Guardian movie competition results

December 21, 2005

Received the following news from The Guardian newspaper regarding the competition that Andrew entered Don’t Look in the Attic into:

“The results won’t be officially announced till the new year now, but i can tell you your film was voted into 7th place. This was out of a total entry of over 120 films, so many congratulations. The judging panel comprised three people from the Guardian (Guardian film editor Andrew Pulver, Guardian film critic Peter Bradshaw, Guardian film website editor Xan Brooks) and three external (my Summer of Love director Pawel Pawlikowski, optimum releasing acquisitions director Danny Perkins, and City Screen Cinemas programming director Clare Binns). So thanks once again for sending us your film, and congratulations on your achievement.”


Chionophobia progress

December 16, 2005

I’ve noticed some writers adding progress meters to their writing projects. There are several to choose from, but I thought this one was the most fun, as it also allows you to feature your mood (from Writertopia).


Counter-culture: Homosexuality

December 8, 2005

It’s not often I get on my high horse and talk about some big controversial issue, but I feel like making an exception. On certain issues, I find myself standing firmly opposed to the tidal-wave of popular opinion. So, here’s the first one: homosexuality.

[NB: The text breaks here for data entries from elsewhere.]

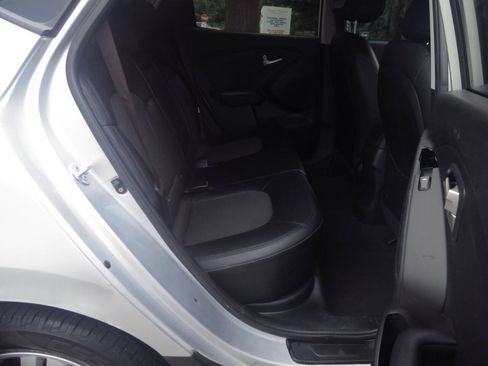 Used 2013 Hyundai Tucson GLS AWD/4WD image 13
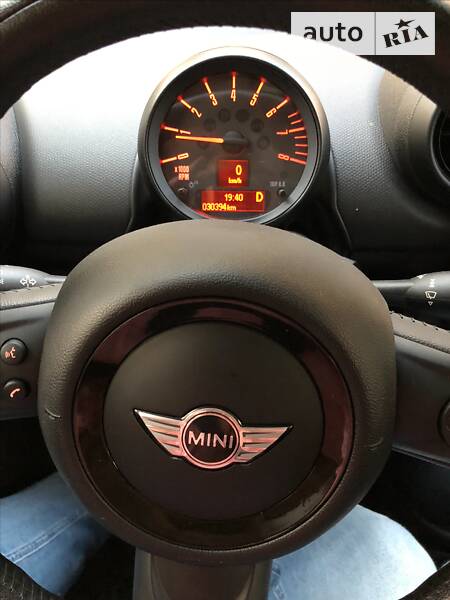 Хэтчбек MINI Hatch 2015 в Киеве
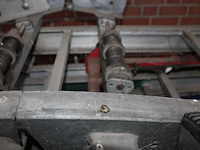 Pannenlift steinweg toplift met 7 delen van 2 meter en pannenwagen. stroomkast ontbreekt. - afbeelding 4 van  5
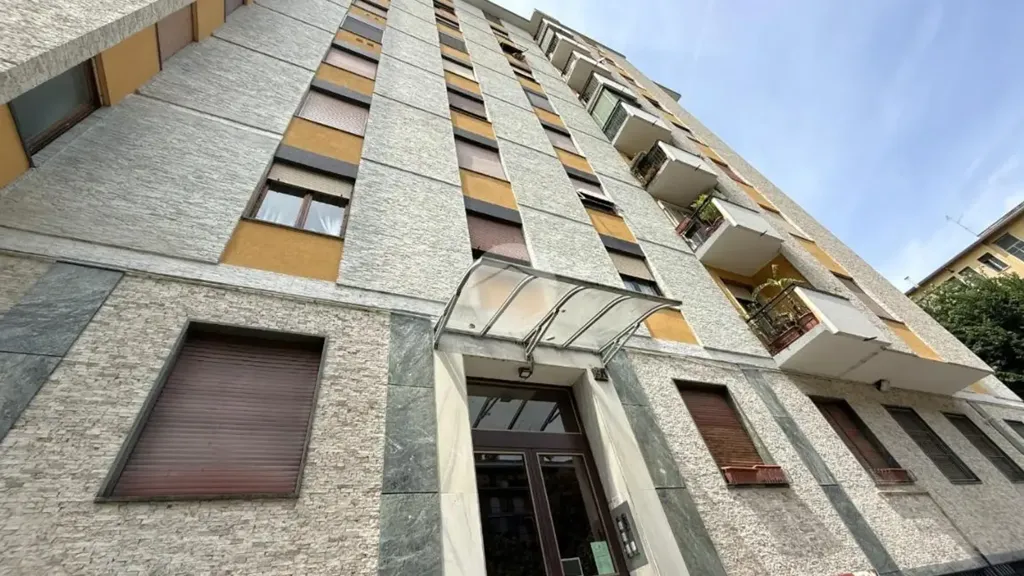 Välivaade - Rented Flat with Balcony in Milan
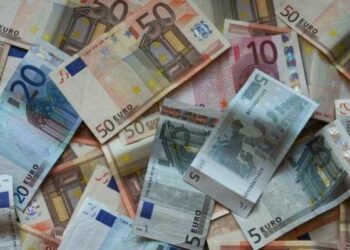 Bracciante agricolo trovato con 270mila euro in scatola di scarpe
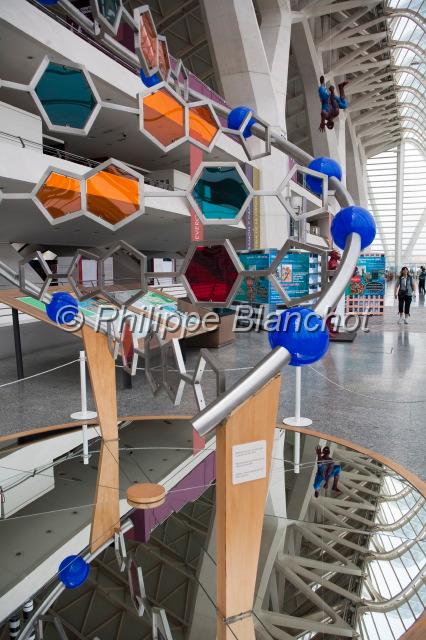 espagne valence 05.JPG - Maquette chaîne ADN, Musée des Sciences Prince Philippe, Cité des Arts et des SciencesValence, Communauté de Valencia, Espagne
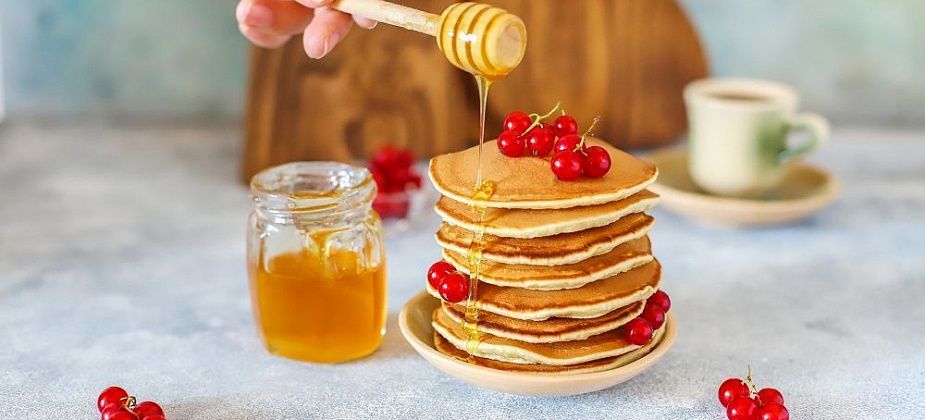 Приметы на 2 октября. Печем оладьи, макаем их в мед — лакомый стол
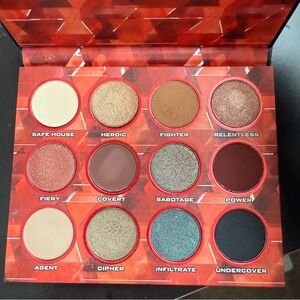 Black widow palette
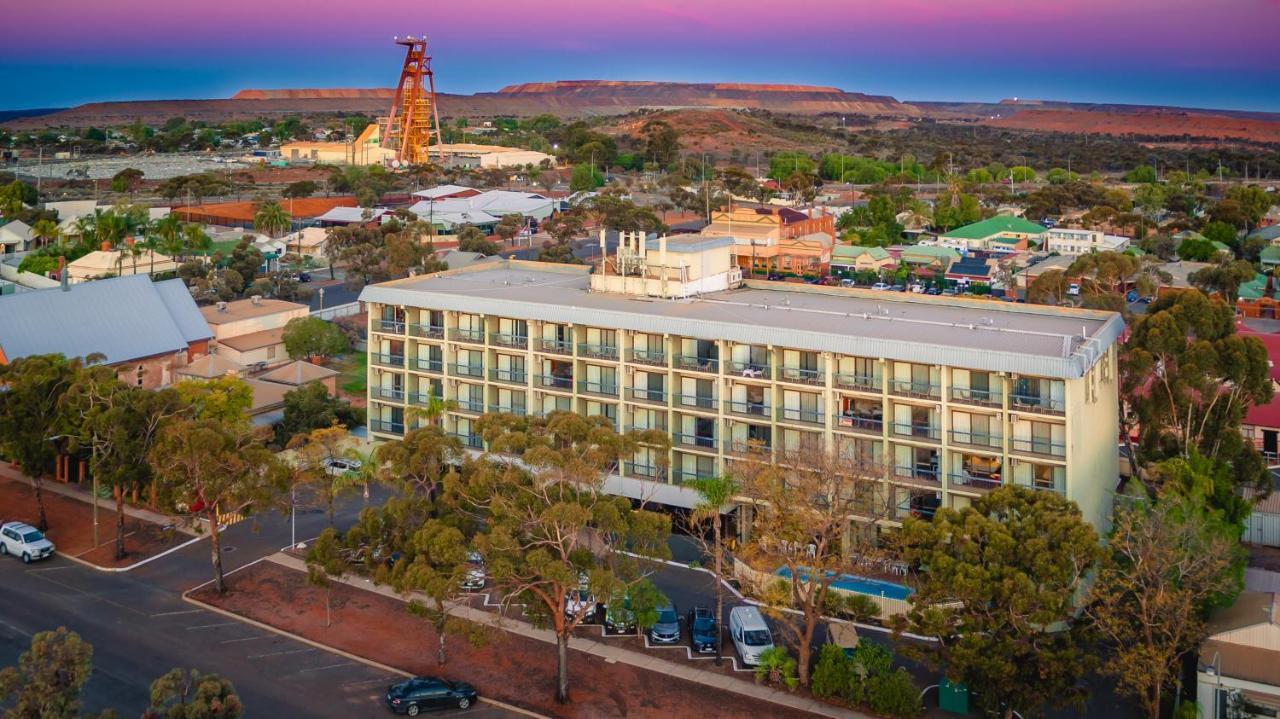 The Plaza Hotel Kalgoorlie Exterior photo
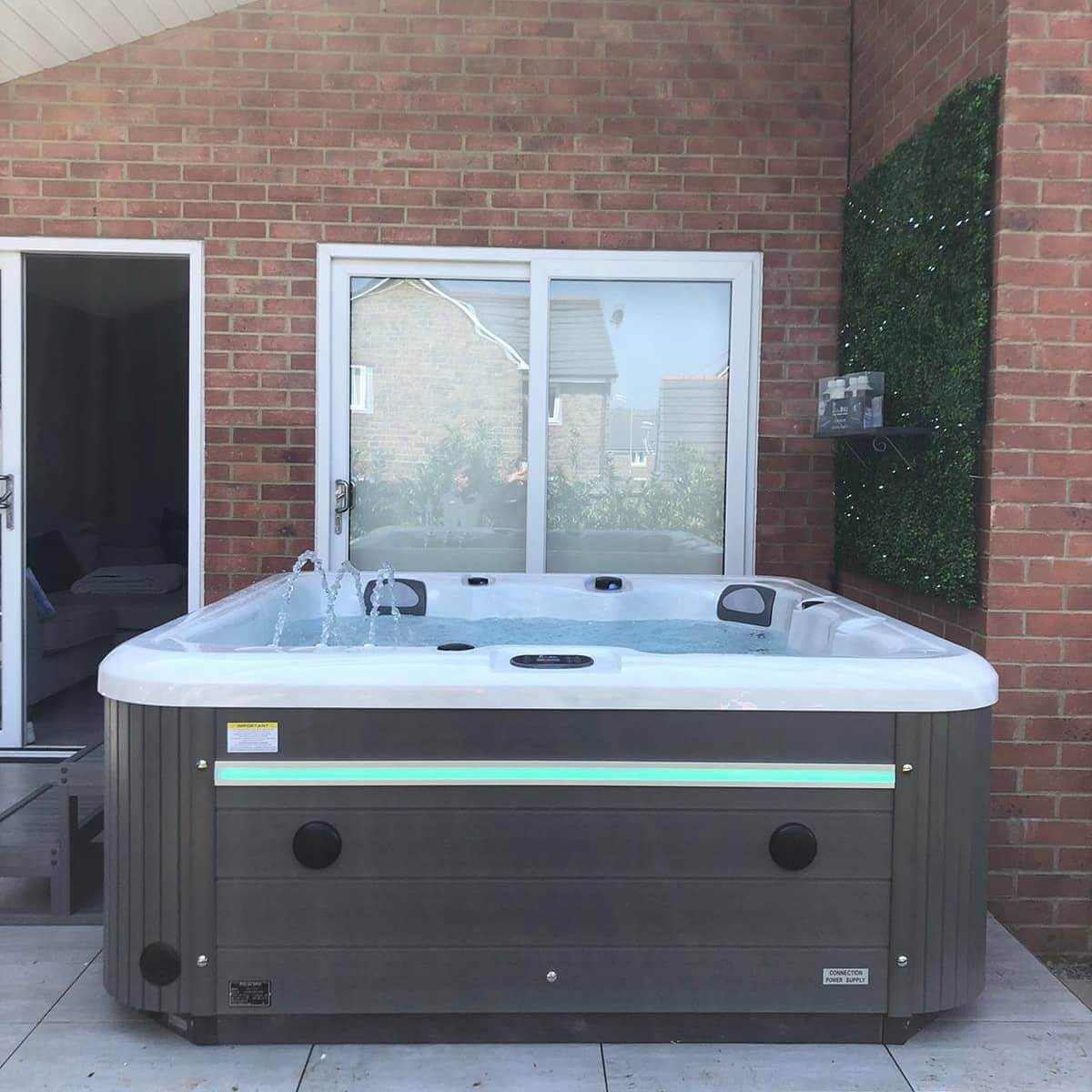 Spritz+ 6 Seater Hot Tub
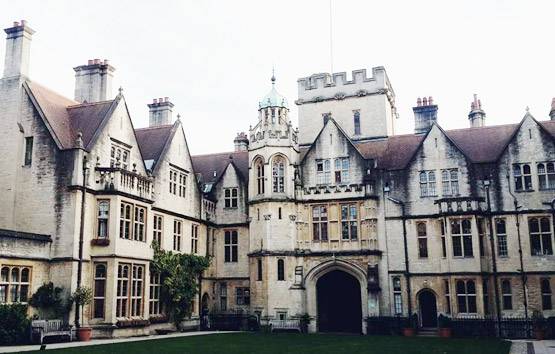 Oxford में ऐसे मिलता है दाखिला, फ्री में भी होती है पढ़ाई
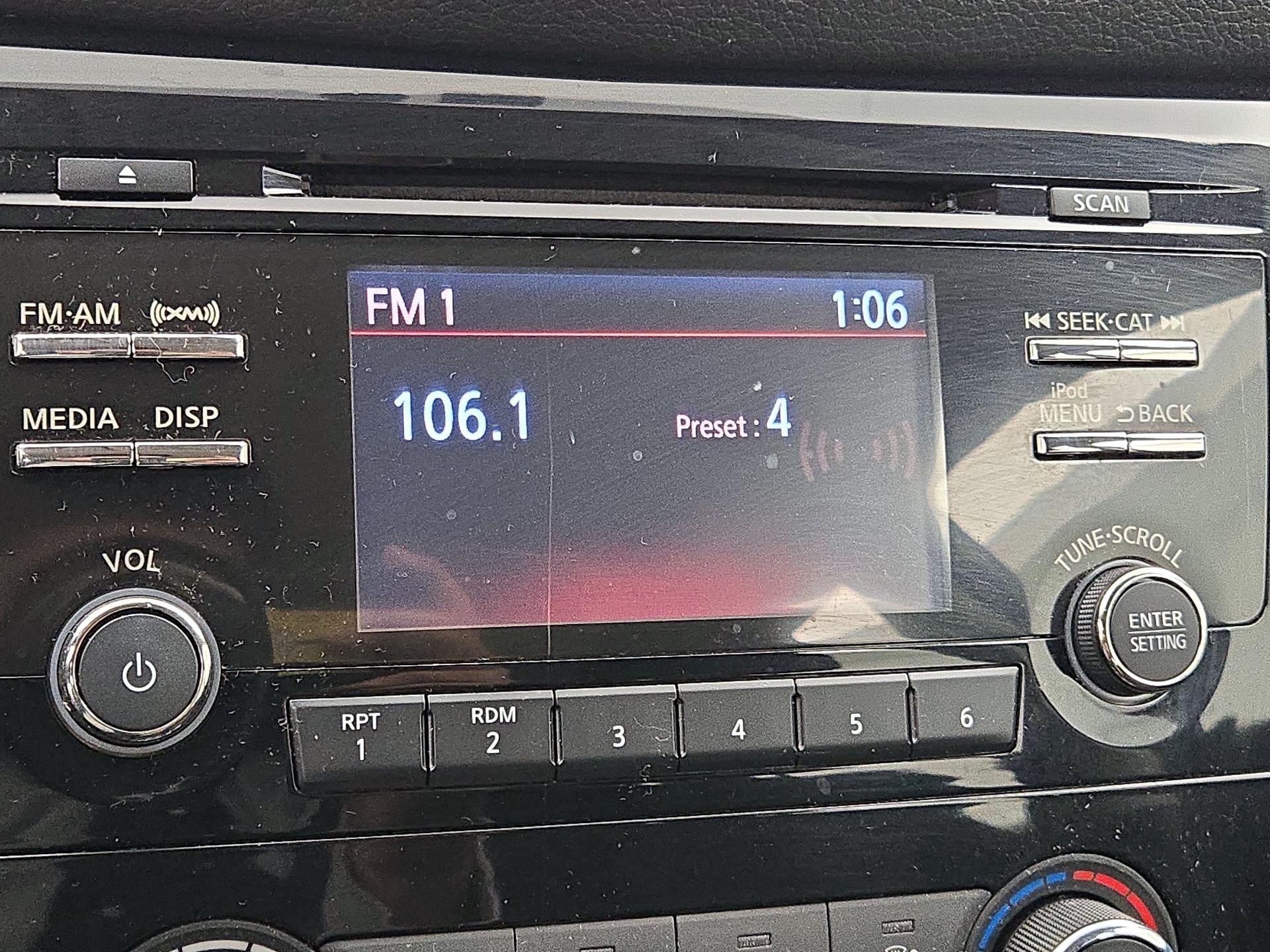 Thumbnail: 2017 Nissan Rogue - 15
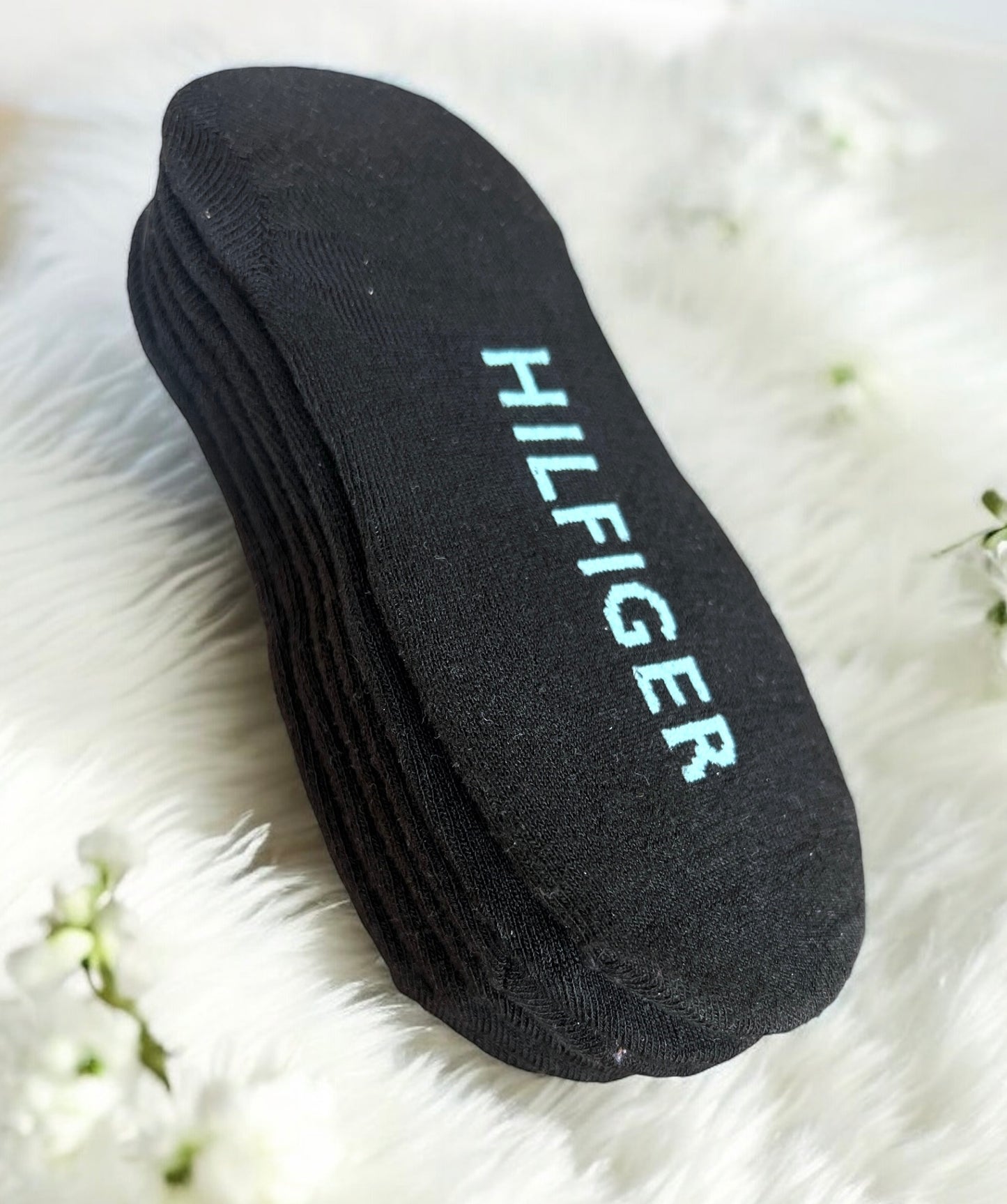 Protectores Tommy H negro con bandera pequeña y letras verdes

People like me get labelled with two things: homophobe and bigot. I’ve never been called it to my face, but that’s because I rarely bring up the topic. But generally, this is what you get called today, if you believe homosexuality is wrong. But from my angle, I’m sick to death of the constant sympathetic portrayals of gay romance on TV, worming away at the public’s psyche and gradually eroding our beliefs. So, I’m going to speak up, here, on my own little forum, to whoever’s willing to give me five minutes. I’m not going to rant and rave; I’m not even going to quote the Bible. I’m going to give you my own simple observations on why I think heterosexual people have started to approve of homosexuality.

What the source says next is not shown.